# Is it possible to combine two sequential rotations about different points into one rotation about a point?

I need to perform two sequential rotations, about different points, by different angles.

Call the initial point $$A$$, and the final solution after the two rotations $$A'$$.

Call the two centers of rotation $$C_1$$ and $$C_2$$.

Call the two angles $$\theta_1$$ and $$\theta_2$$.

Is there a way to calculate a new center of rotation $$C_3$$ and angle $$\theta_3$$ that will rotate $$A$$ to $$A'$$ in one operation?

I know I can perform the operations sequentially using translation and rotation matrices, but I have to perform these calculations many, many times, using the same $$C_1$$, $$C_2$$, $$\theta_1$$ and $$\theta_2$$, so it would roughly cut my time in half if I could find $$C_3$$ and $$\theta_3$$ first.

EDIT:

I've just realized that $$C_3$$ and $$\theta_3$$ will be dependent on the specific starting point, thus I'd have to re-calculate $$C_3$$ and $$\theta_3$$ for every point I want to do the rotations on, and the extra calculations may mean that there is no benefit to doing this over just doing the sequential matrix calculations... Anyway, if anyone knows any shortcuts, given my question above, please let me know.
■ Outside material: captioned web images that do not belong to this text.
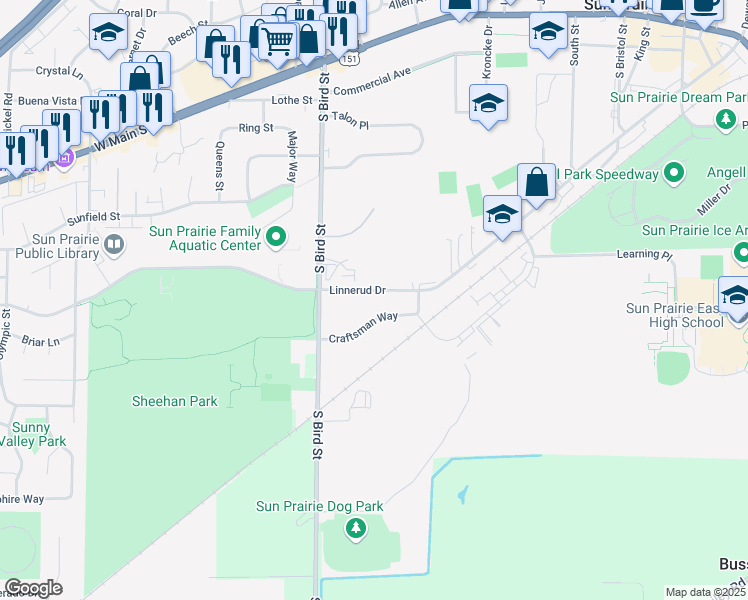 map of restaurants, bars, coffee shops, grocery stores, and more near 601 Linnerud Drive in Sun Prairie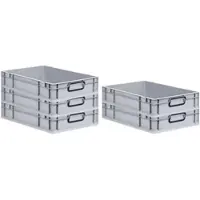 Proregal SparSet 5x Eurobox Nextgen Color HxBxT 12x40x60cm 23 Liter Griffe Schwarz Geschlossen Grau Eurobehälter Transportbox Transportbehälter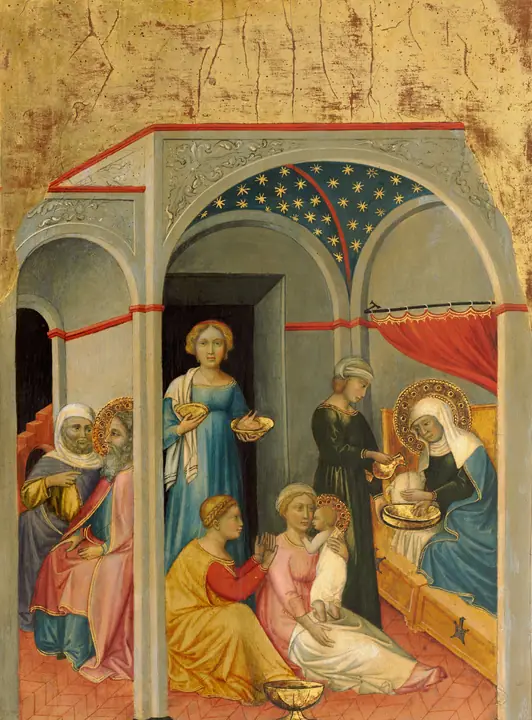 El nacimiento de la Virgen, Andrea di Bartolo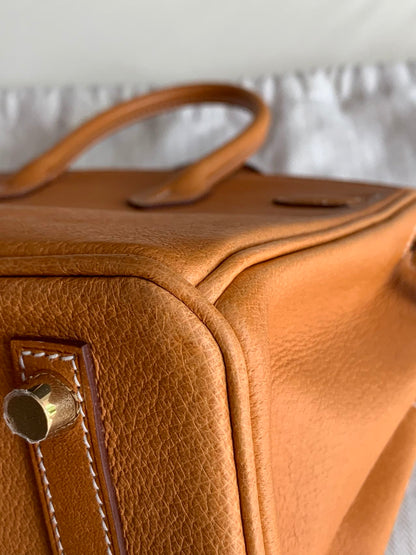 Pre-owned Certified Hermes Birkin 25 in 1H Toffee Peau Porc Pigskin with Golden Hardware, 2022, w/ Full Set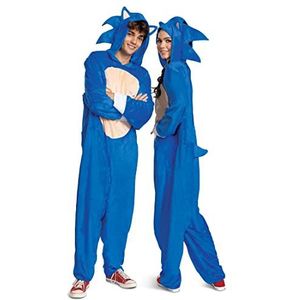 DISGUISE Officieel Sonic kostuum voor volwassenen - gemaakt van superzacht materiaal - egel-onesie voor Kerstmis, Halloween kostuum voor volwassenen, verkleedoutfit, maat XL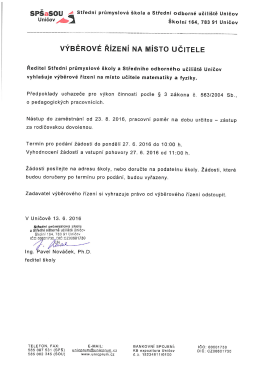 Výběrové řízení na místo učitele matematiky a fyziky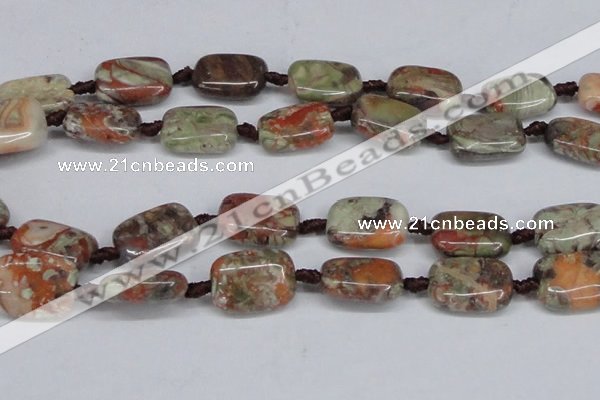 CAG7033 15.5 inches 20*30mm rectangle ocean agate gemstone beads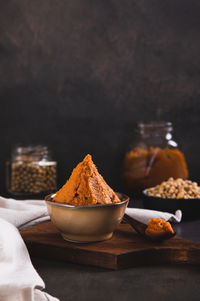 Close-up of food on table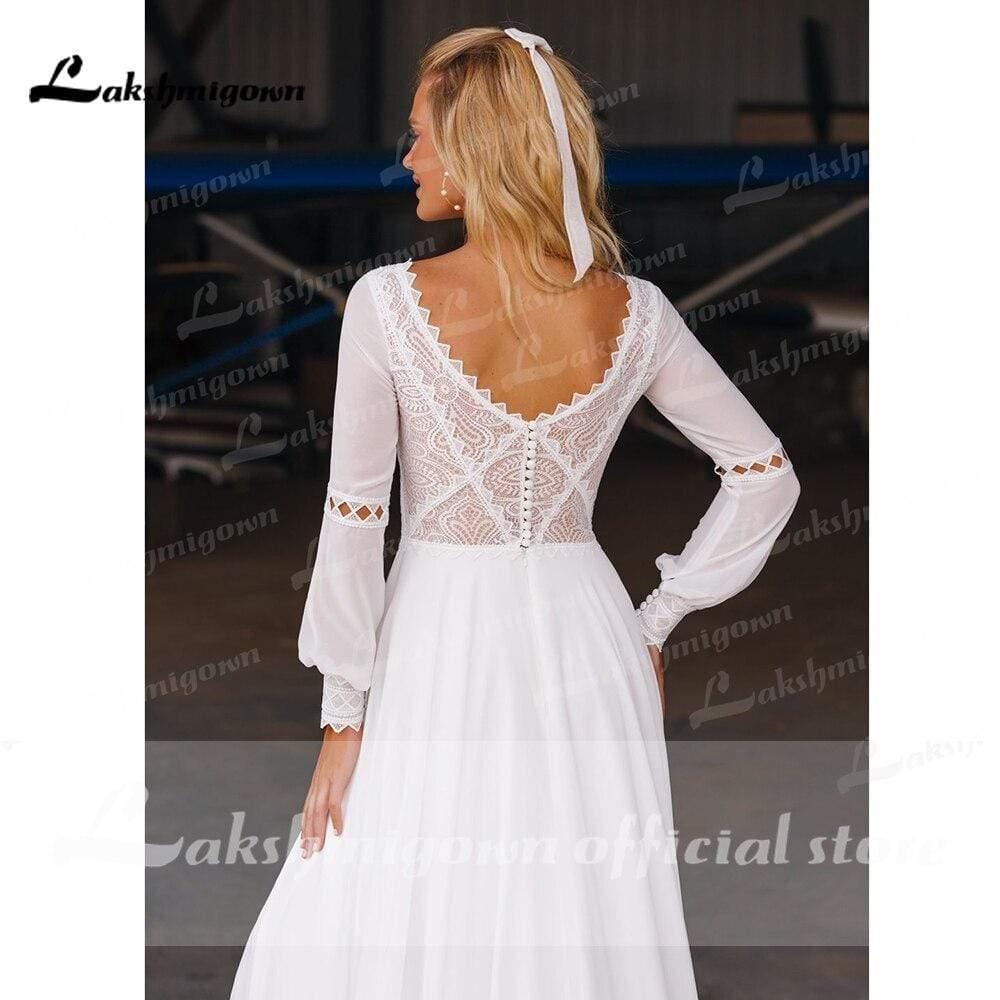 NumberSea Beach Long Sleeve Chiffon Lace Wedding Dresses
Thanks.

• IN which dimension do you consider the problem? Is it on $\mathbb R^2$ oder $\mathbb R^n$ for $n\geq 3$? – Mundron Schmidt Jan 30 at 18:06

Use homogeneous coordinates, then you get 4x4 matrices combining rotation and translation: $$M = R_2TR_1$$ Where $$R_1, R_2$$ are your rotation matrices and $$T$$ is your translation matrix. The rotation matrices are the usual rotation matrices apart from the last column and row (4x4) which have $$0$$ everywhere except at $$a_{4,4}$$. The translation matrix is the 4x4 identity with the last column being the translation $$(a_{1,1}, a_{2,1}, a_{3,1})$$. Multiplying the matrices will yield the matrix $$M$$ which has the rotation you need in the 3x3 part and the translation in the last column. Your vector should be extended to a $$4D$$ vector with $$1$$ as last element before multiplying. If your case is $$2D$$ then it's similar just with 2x2 rotation part, and last column with 2 translation elements.

In your case, the result of doing both rotations (assuming the angles $$\theta_1,\theta_2$$ have a sign respective to a chosen orientation, and setting $$\theta_3 = \theta_1+\theta_2$$) will be

a) a rotation about a point $$C_3$$ with the angle $$\theta_3$$, if $$\theta_3 \neq 0°$$

b) a translation if $$\theta_3 = 0°$$

Unlike your EDIT says, this is true for all starting points $$A$$, that means $$C_3$$ is always the same in case a).

In order to find out how best to do it, I'd suggest going the route of matrices, as you indicated in the posting.

Each rotation $$R$$ can be described as $$R(x) = Mx+b$$, where $$x$$ is the original point, $$R(x)$$ is the image of $$x$$ under $$R$$. $$M$$ is the rotation matrix and $$b$$ a translational part that comes from the fact that you don't usually rotate around the origin. You can get $$b$$ easily when you consider another form of the transformation

$$R(x)=M(x-c)+c$$

where $$c$$ are the coordinates of the center of rotation ($$C_1,C_2$$ in this case).

We can combine the 2 rotations $$R_1, R_2$$ now:

$$R_2(R_1(x))=M_2(M_1x+b_1)+b_2 = (M_2M_1)x + (M_2b_1+b_2)$$

Once you have calculated $$M_1,b_1,M_2,b_2$$ you can use the above formula to calculate $$M_{1+2}=M_2M_1$$ and $$b_{1+2}=M_2b_1+b_2$$. You can then use those values to calculate the image $$A'$$ as

$$a'=M_{1+2}a+b_{1+2}$$

The good thing about all of this is that you don't need to treat the cases a) and b) differently: $$M_3$$ will be rotation matrix in case a) and the identity matrix in case b).